浏览器访问http://192.168.126.111:3000,默认账号密码为admin / admin

1568721114270


Release包安装Prometheus组件

Docker的网络配置太麻烦了,以下为使用realse包安装Prometheus的过程。

yum install screen

prometheus

wget https://github.com/prometheus/prometheus/releases/download/v2.12.0/prometheus-2.12.0.linux-amd64.tar.gz
tar xzf prometheus-2.12.0.linux-amd64.tar.gz
cd prometheus-2.12.0.linux-amd64
screen -S prometheus
./prometheus --config.file=/home/zht/prometheus/server/prometheus.yml --web.enable-lifecycle

/home/zht/prometheus/server/prometheus.yml文件内容:

global:
  scrape_interval:     15s
  evaluation_interval: 15s
  external_labels:
    monitor: 'codelab-monitor'
rule_files:
  - /home/zht/prometheus/server/rules.yml
scrape_configs:
  - job_name: 'prometheus'
    scrape_interval: 5s
    static_configs:
      - targets: ['192.168.126.111:9090']

  - job_name: 'client-golang'
    scrape_interval: 5s
    static_configs:
      - targets: ['192.168.126.111:8080', '192.168.126.111:8081','192.168.126.111:8082']

  - job_name: 'client-node-exporter'
    scrape_interval: 5s
    static_configs:
      - targets: ['192.168.126.111:9100']

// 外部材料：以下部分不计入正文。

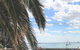 Beach Front Beauty - thumb 23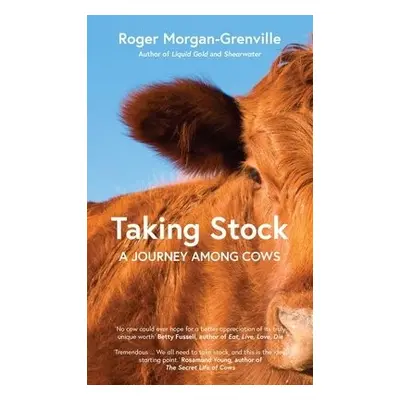 Taking Stock - Morgan-Grenville, Roger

  - job_name: 'pushgateway'
    static_configs:
      - targets: ['192.168.126.111:9091']
        labels:
          instance: pushgateway

  - job_name: 'grafana'
    static_configs:
      - targets: ['192.168.126.111:3000']

alerting:
  alertmanagers:
    - static_configs:
        - targets: ["192.168.126.111:9093"]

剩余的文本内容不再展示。